Que faire pour mettre fin à la guerre qui prévaut dans l'Est de la République Démocratique du Congo? La question fait le tour des salons politiques, voire de certaines missions diplomatiques. Depuis, chacun tente de proposer sa piste de solution.
Lors de sa conférence de presse du 22 juillet dernier, le chef de l'Etat, Joseph Kabila, avait indiqué qu'il envisageait trois pistes pour solutionner la situation du Kivu
: militaire, diplomatique et politique. La proposition de Kinshasa était du reste bien accueillie par le Mouvement du 23 mars (M23).

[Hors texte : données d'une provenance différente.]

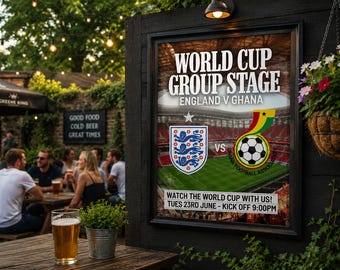 2026 World Cup England vs Ghana Match Poster | Football Pub Promotion (Digital Download)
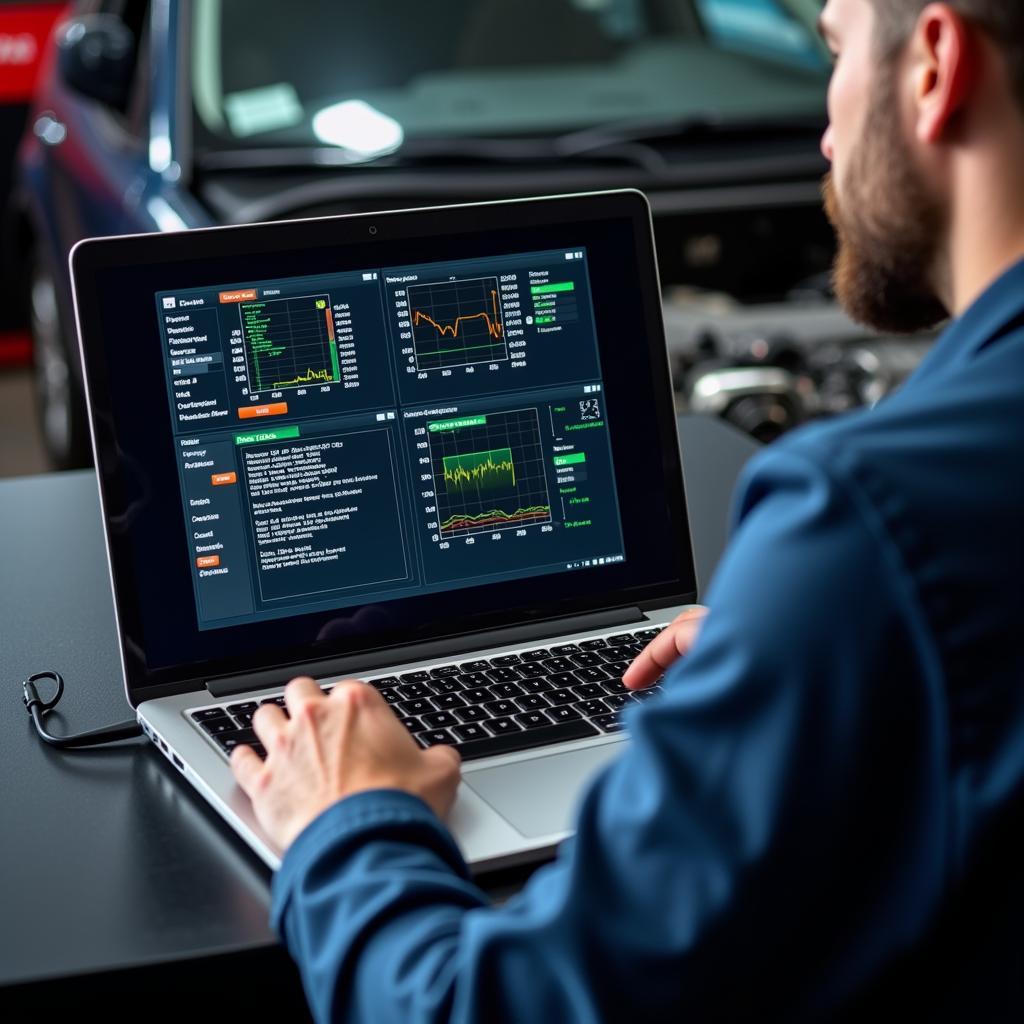 Mechanic Analyzing Car Diagnostic Software Results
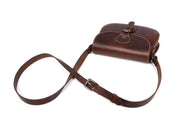 Elegant Brown Leather Crossbody – Top Grain Minimal Style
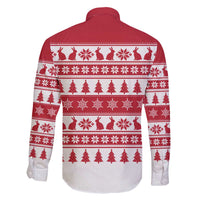 Christmas Santa Bunny Rabbits Family Matching Off The Shoulder Long Sleeve Dress and Hawaiian Shirt Red White Tree Snowflake Pattern - Wonder Print Shop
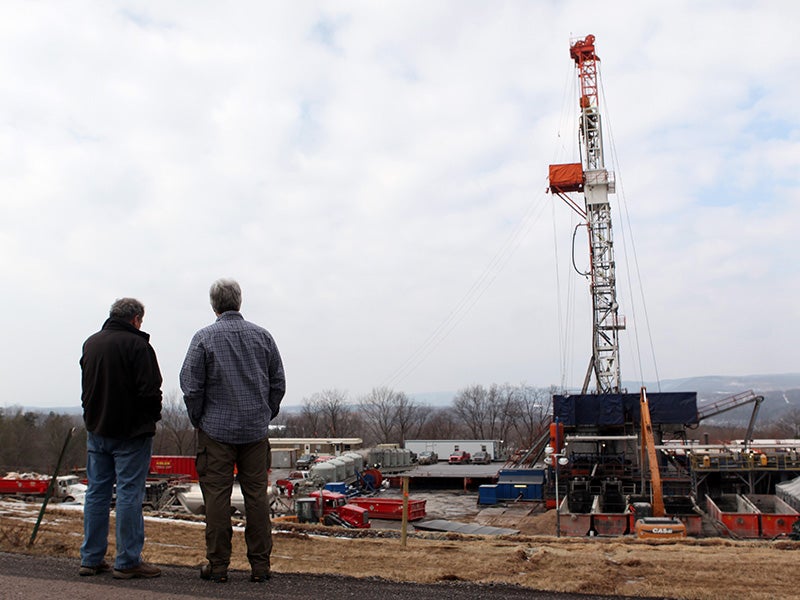 A fracking drill rig in Pennsylvania. A fracking drill rig in Pennsylvania.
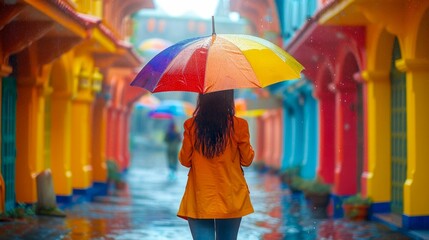 Woman with Colorful Umbrella on Vibrant Street. Generative ai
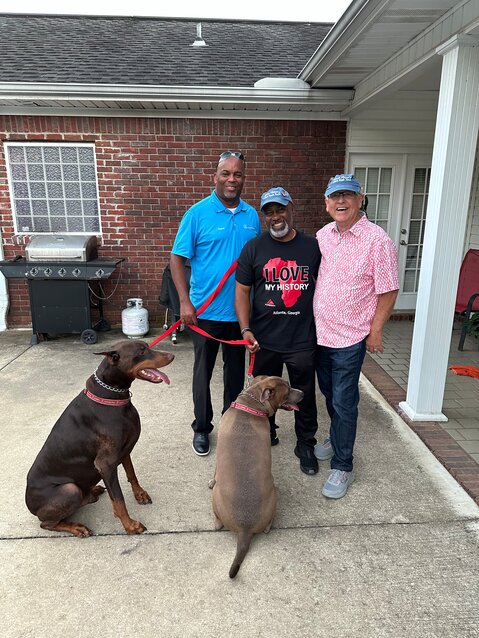Our welcoming committee in Tuscaloosa: Pierre and his two dogs.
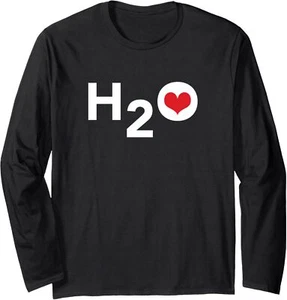 H2O Chemical Symbol Water Treatment Safe Water Awareness Long Sleeve T-Shirt - Picture 1 of 7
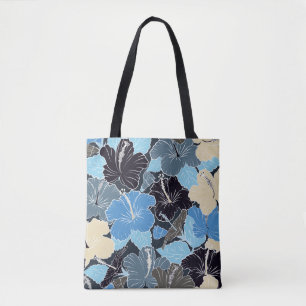 Bolso De Tela Flujo de hibiscos estilizados y curvados entrelaza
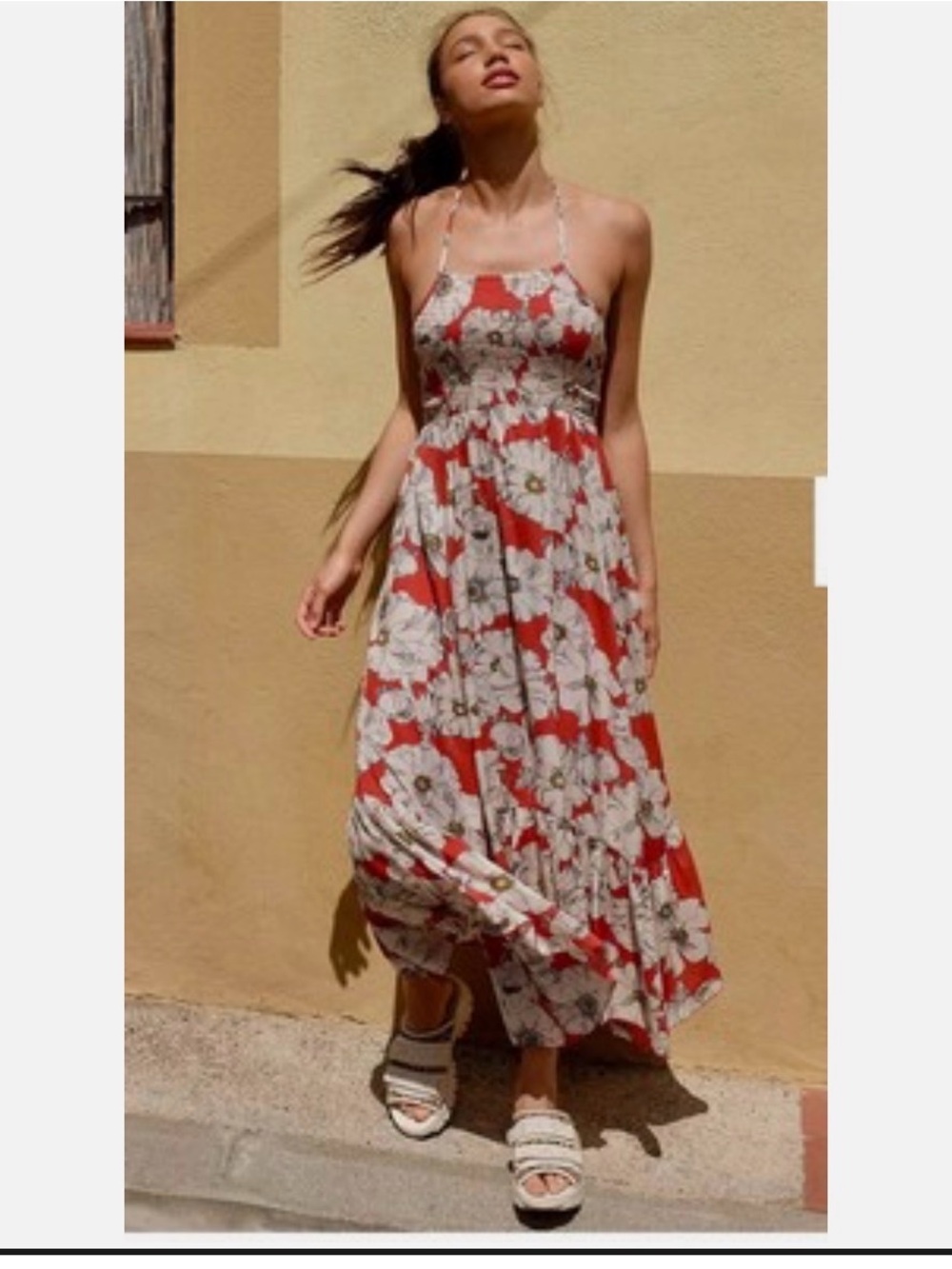 Free People Red and Cream Floral Halter Maxi Dress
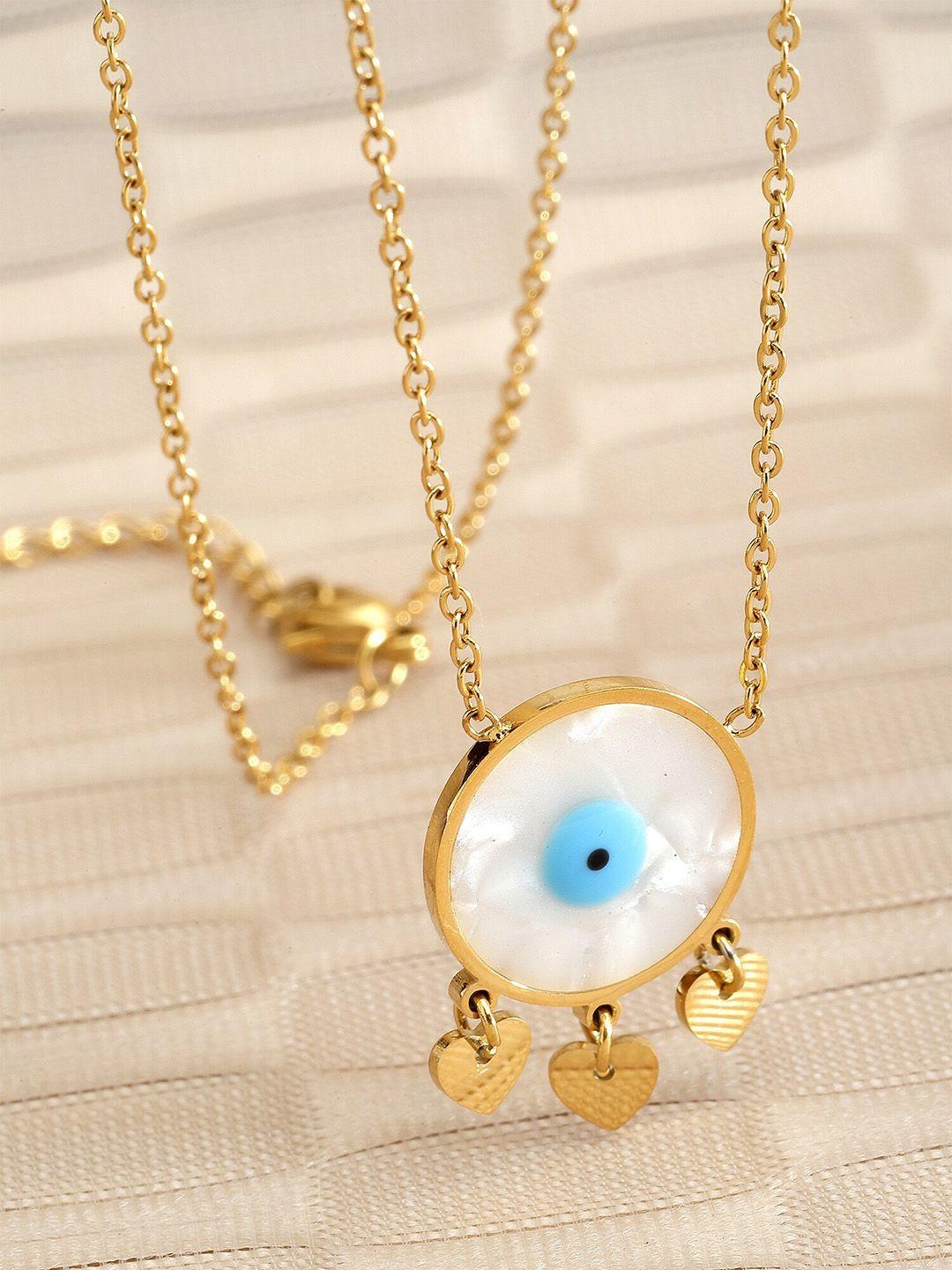 bohey by karatcart gold-plated circular shaped evil eye protection alloy pendant with chain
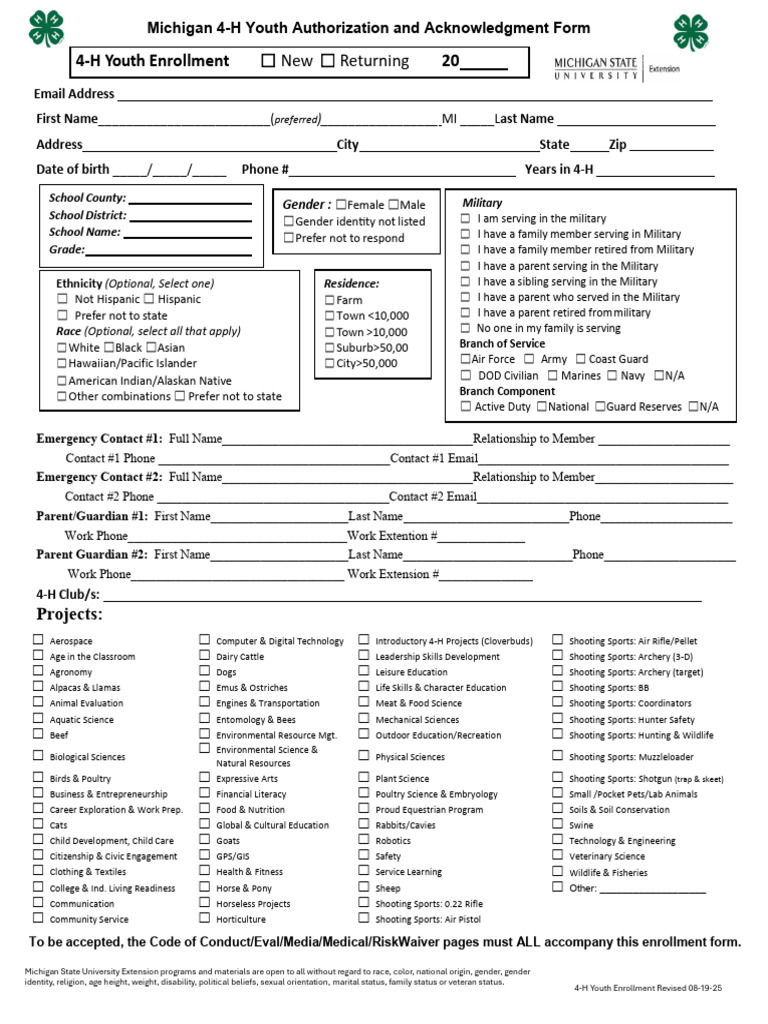 Michigan 4-H Youth Enrollment Form | PDF | Gender | Gender Studies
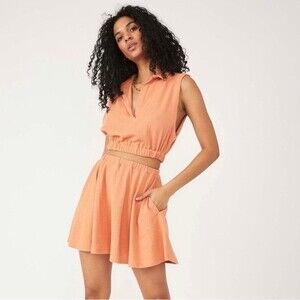 Free People Beach Orange Terry Cloth Mini Skort Skirt with Shirts Size Medium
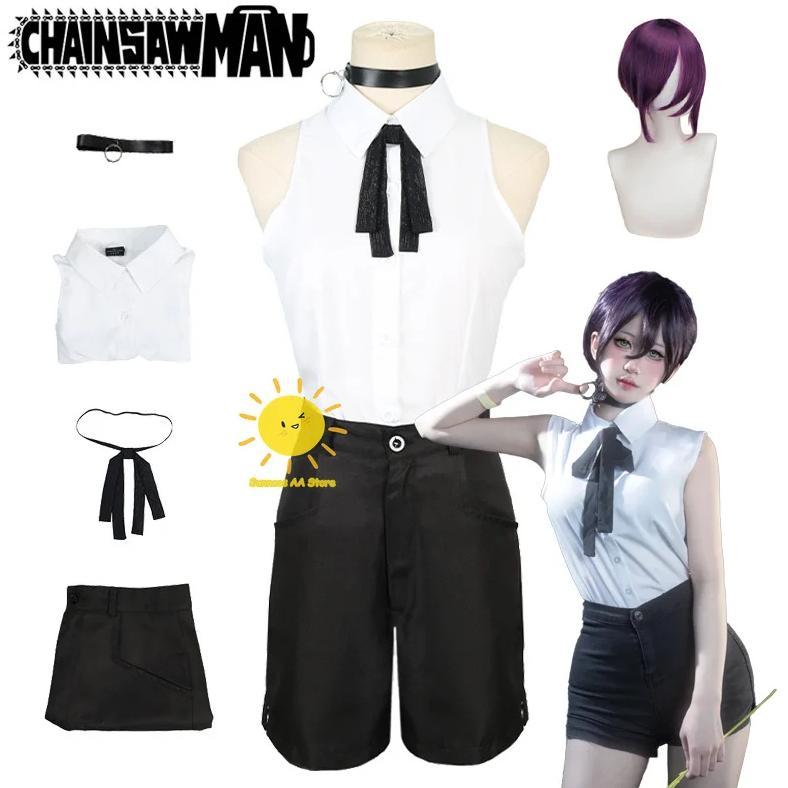 Anime Reze Cosplay Chainsaw Man Cosplay Costumes Reze Suit Purple Wig Chainsaw Man Halloween Carniva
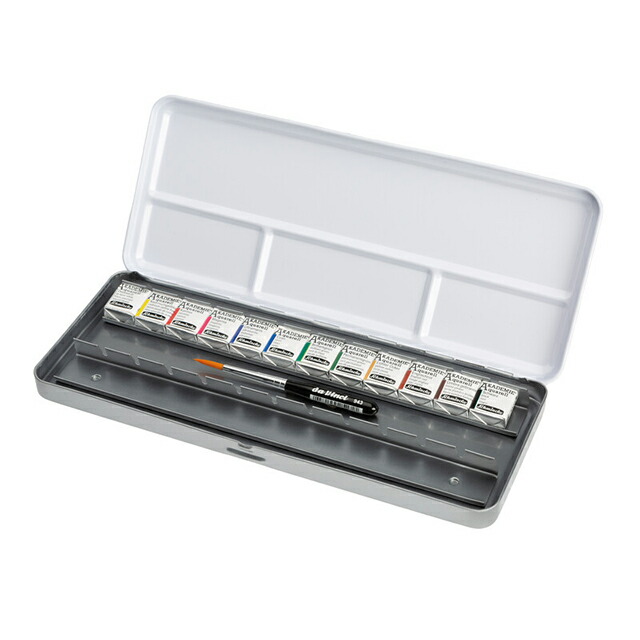 【20%OFF!!】【押さえる品】シュミンケアカデミー HP12色金属元素入れもの仕掛ける 水彩画筆付き添い人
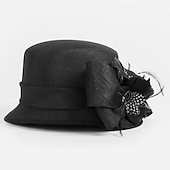 economico Cappelli per feste-cappelli in fibra bombetta / cappello a cloche tea party corsa di cavalli elegante con copricapo di piume copricapo / occasione speciale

Le mouvement rebelle a, par le truchement de son porte- parole, le colonel Vianney Kazarama, a souligné qu'il est prêt à se mettre autour d'une même table avec les autorités de Kinshasa, afin de réévaluer les accords de Goma signés le 23 mars 2009 entre le Pouvoir de Kinshasa et l'ex-Conseil National pour la Défense du Peuple (CNDP). A ces accords à réévaluer, le M23 ajoute deux autres points : la vérité des urnes et l'amélioration du social des Congolais.
Visions différentes
Bien que Joseph k Kabila ait envisagé la possibilité d'option politique pour pacifier le Kivu, plusieurs acteurs de sa famille politique, la Majorité Présidentielle (MP) ne veulent pas entendre parler des négociations avec le mouvement. Le dernier en date s'appelle Puis Muabilu, député élu de la ville de Kinshasa et président du Congrès National Congolais (CNC).
Pour lui, les négociations permettraient au mouvement rebelle de replacer ses pions au sein des institutions politiques et militaires de notre pays comme c'est fut le cas avec le CNDP. Cette position st celle que défend Lambert Mende, ministre des Médias et porte-parole du Gouvernement depuis toujours.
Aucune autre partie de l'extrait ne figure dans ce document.